## Exercise objective
Your reply should contain the whole listing below, repeated exactly, and no images.

## Supplied material
↓↓↓

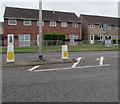 Queens Road pedestrian refuge and road direction signs, Nailsea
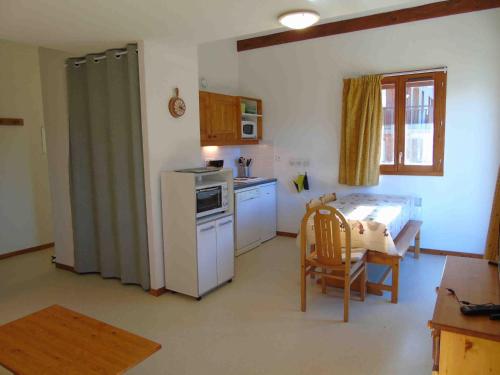 une cuisine avec un réfrigérateur blanc et une table dans l'établissement Appartement 2 pièces + cabine, 6 pers, à Valfréjus, draps inclus, animaux admis - FR-1-561-15, à Valfréjus
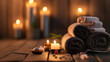 Spa brown background with towels, candles and copy space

↑↑↑

## Exercise output
 Queens Road pedestrian refuge and road direction signs, Nailsea
 une cuisine avec un réfrigérateur blanc et une table dans l'établissement Appartement 2 pièces + cabine, 6 pers, à Valfréjus, draps inclus, animaux admis - FR-1-561-15, à Valfréjus
 Spa brown background with towels, candles and copy space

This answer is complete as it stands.